As the United States seems to become more divided, politics is something that seems to become more prevalent in our daily lives.
The 2022 midterm elections showed that young voters are engaged with politics, as it had the second highest youth turnout since the last election. However, with this increase, other important aspects of politics have been overshadowed, most importantly, local elections.
Hudson County Elections Division Supervisor Brittany Bunney, stated that while the use of early voting and mail-in ballots has increased since the 2020 election, younger voters still lack engagement.
“I think younger voters are not as engaged as we would like to see with local elections,” Bunney told Slice of Culture. “We would always like to see more young voters and voters in general engaged in elections across the board.”
Ginger Gold-Schnitzer, Executive Director of the Saint Peter’s University Guarini Institute weighed in on why she feels local elections do not get the attention they should.
“During the U.S. Presidential election, anyone who watches TV, listens to the radio, or uses the internet is bombarded with images, commercials, and the opportunity to see debates in prime time.
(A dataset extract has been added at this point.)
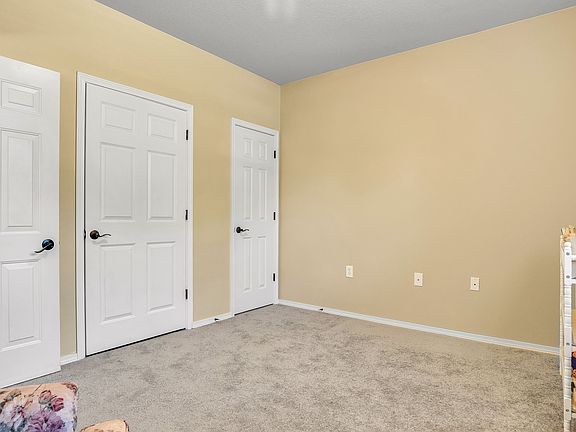 5th image of 3518 SE Ironwood Ave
Even U.S. Senate elections are pretty easy to follow. Local elections, however, only get coverage in the most local of publications– unless there is a scandal,” Gold-Schnitzer said.
When talking to college aged voters, many had little knowledge or expressed disinterest in local politics.
“While I do vote, I don’t really feel that my vote matters,” said Matthew Russell, a 22 year-old lifelong resident of Jersey City.
“When you look at all the popular candidates around Jersey City, I feel as though it is really just those with the most money behind them that are going to win.”
However, not all younger voters feel the same way.
Jamie Suarez, Senior at Saint Peter’s University and intern for Jersey City Councilmember Mira Prinze-Arey, felt that many people underestimate how important local elections can be.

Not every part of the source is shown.